Unorthodox mechanical microsystems for drug delivery
Time: Fri 2025-12-19 10.00
Location: Kollegiesalen, Brinellvägen 8, Stockholm
Language: English
Subject area: Electrical Engineering Medical Technology
Doctoral student: Theocharis N. Iordanidis , Mikro- och nanosystemteknik
Opponent: Professor Roger Narayan, North Carolina State University, Raleigh, NC, USA
Supervisor: Professor Niclas Roxhed, Mikro- och nanosystemteknik; Professor Göran Stemme, Mikro- och nanosystemteknik
QC 20251107
Abstract
Microelectromechanical systems (MEMS) offer powerful solutions for drug delivery where biological barriers limit the potential of advanced therapeutics. This thesis demonstrates how unorthodox applications of microfabrication techniques can create novel platforms to overcome drug delivery challenges, enhancing the delivery of potent and fragile biologics.

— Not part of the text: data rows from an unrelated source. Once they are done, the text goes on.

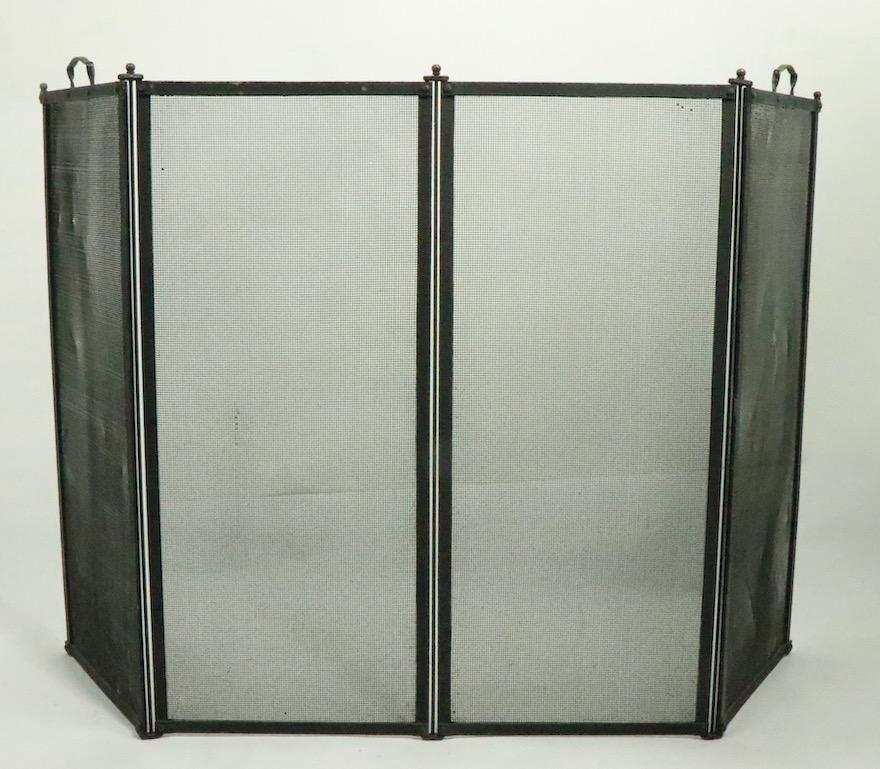 Nicely crafted heavy gage folding fire screen having for panels each 13 W x 30 H inches. The two outer panels have handles making their total H 31.5 inches. Because the screen is in hinged sections, it is adjustable in width, making it easier to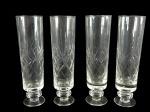 CRISTAIS, quatro (4) taças flutes confeccionadas em cristal translucido com lapidação de palmas e elementos geométricos em baixo relevo, haste torneada, apoiada sobre base circular, medindo 17,5x5cm.
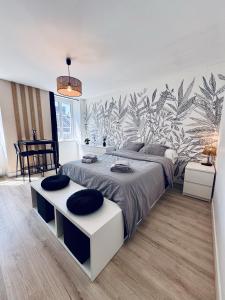 Appartements Appartement lumineux au coeur de la ville : photos des chambres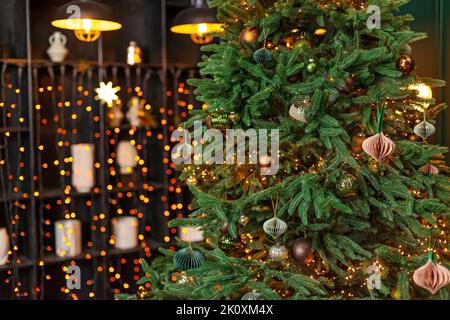 Weihnachtshintergrund, Weihnachtsbaum mit festlichen Kugeln, Spielzeug und magische Lichter geschmückt, vor dem Hintergrund der verschwommenen Bokeh Lichter und Loft-Stil p Stockfoto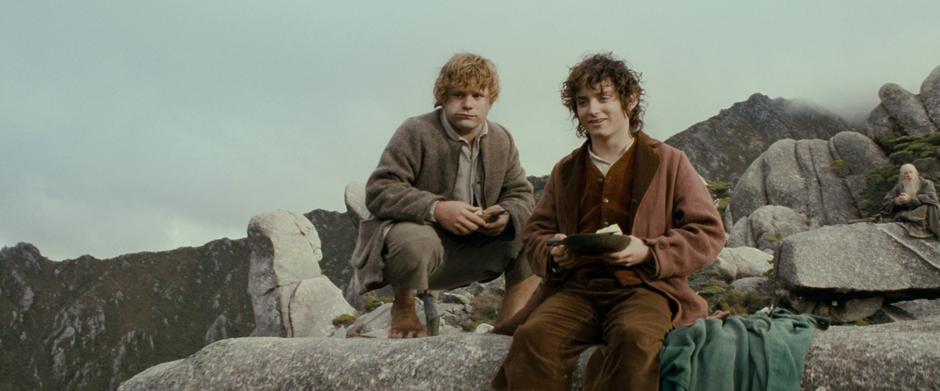 Sam and Frodo watch the other Hobbits practice swordplay with Boromir.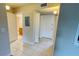 Hallway featuring tile flooring, utility panel, and access to the bathroom and bedrooms at 2860 Somerset Park Dr # 203, Tampa, FL 33613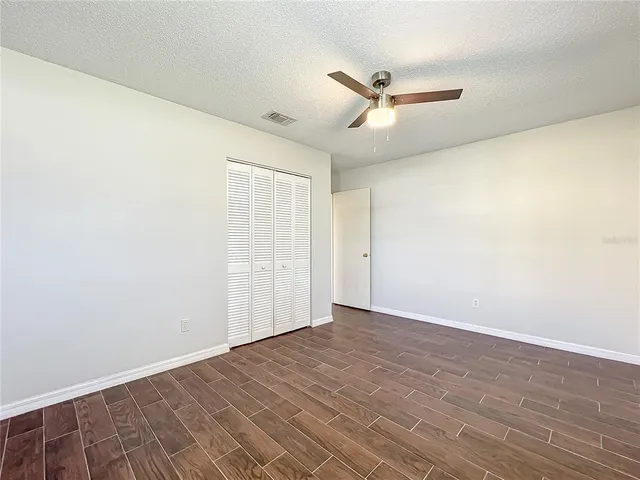 an empty room with wooden floor fan and windows
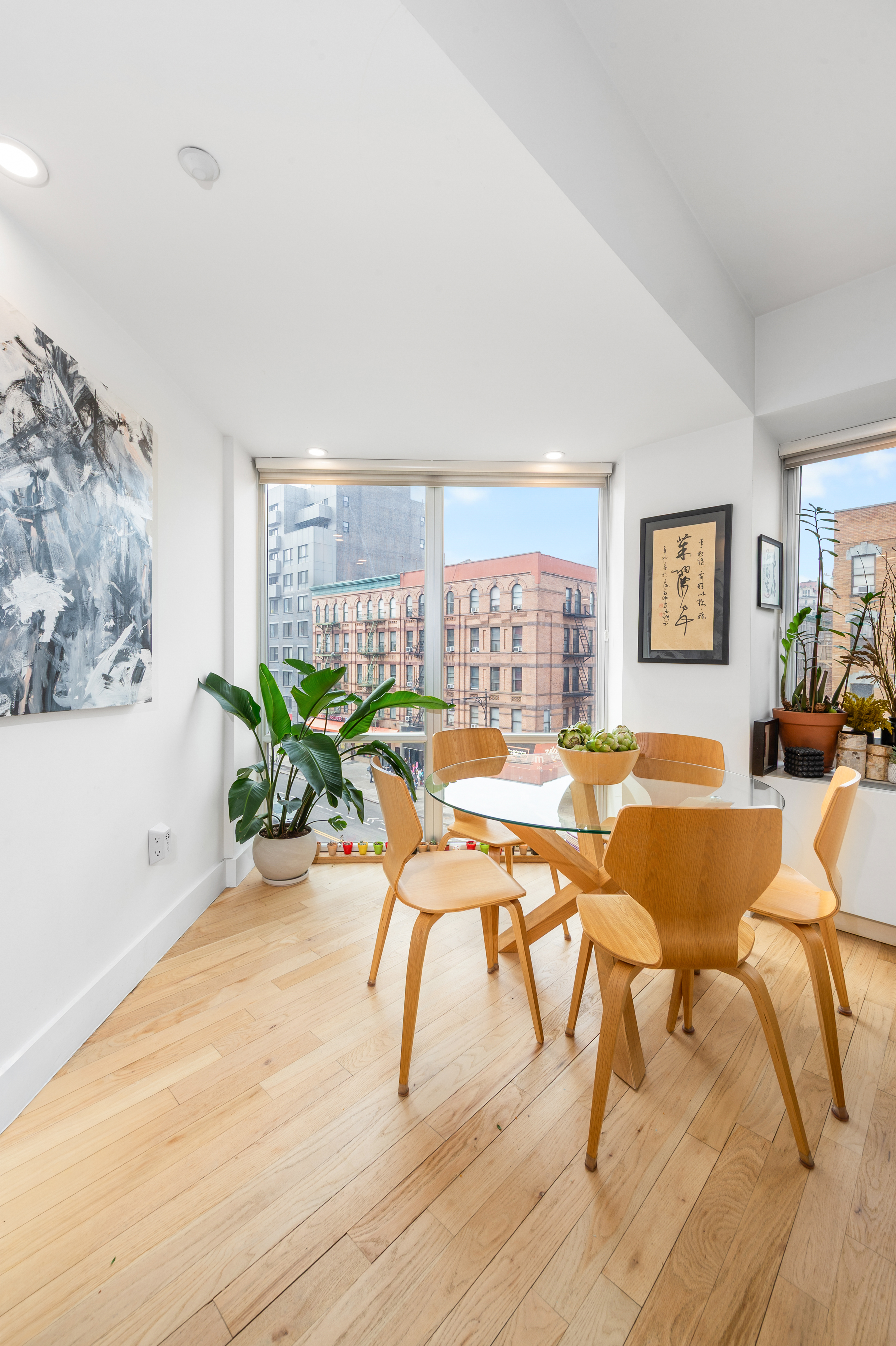 2110 Frederick Douglass Boulevard, Unit 4C Manhattan, NY 10026 - Photo 5 of 19 a living room with patio furniture and a potted plant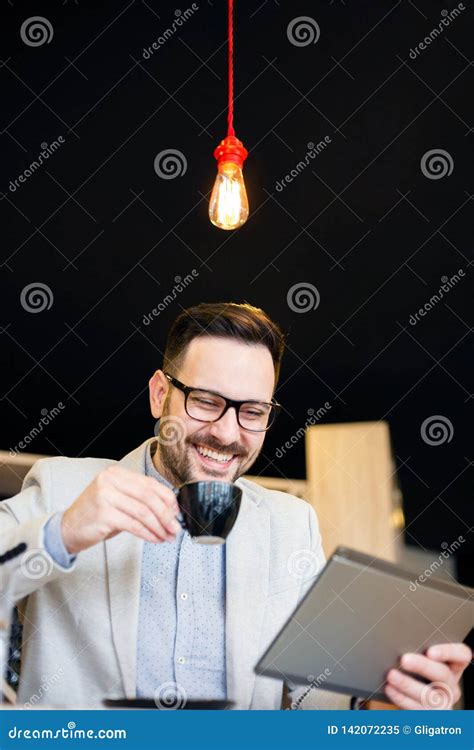 Young Businessman Using A Tablet And Drinking Coffee While Working In A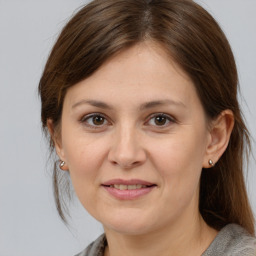 Joyful white adult female with medium  brown hair and brown eyes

The first part of this work focuses on implantable systems. An ultrasonically actuated micro-implant is presented, which exploits mechanical resonance not for sensing but for the selective, on demand destruction of reservoir membranes. This enables remotely triggered drug release without onboard power or electronics. Building on this, a miniaturized ultrasonic energy harvester is developed, integrating a high-performance, bulk piezoelectric material (PZT-5H) via a novel low-temperature bonding process, creating a robust power source for future active implants.
The second part explores two-photon polymerization (2PP) to fabricate complex 3D microstructures for non-invasive delivery. First, rolling ultra-miniaturized microneedle spheres (RUMS) are introduced. Unlike traditional flat microneedle patches, these 3D particles are suspended in topical formulations to gently and repeatedly disrupt the skin’s stratum corneum, enabling the effective transdermal delivery of biologics. Second, a micro-swirl nozzle, a design typically found in internal combustion or agricultural applications, has been developed to aerosolize fragile biologics. This geometry generates a fine mist suitable for deep lung deliverythrough a low-shear mechanism, preserving the integrity of sensitive payloads like lipid nanoparticle (LNP)-encapsulated mRNA.
Collectively, this work showcases a versatile approach to biomedical engineering, where the precise control of micro-scale geometry and physics is leveraged to solve persistent challenges in therapeutic delivery.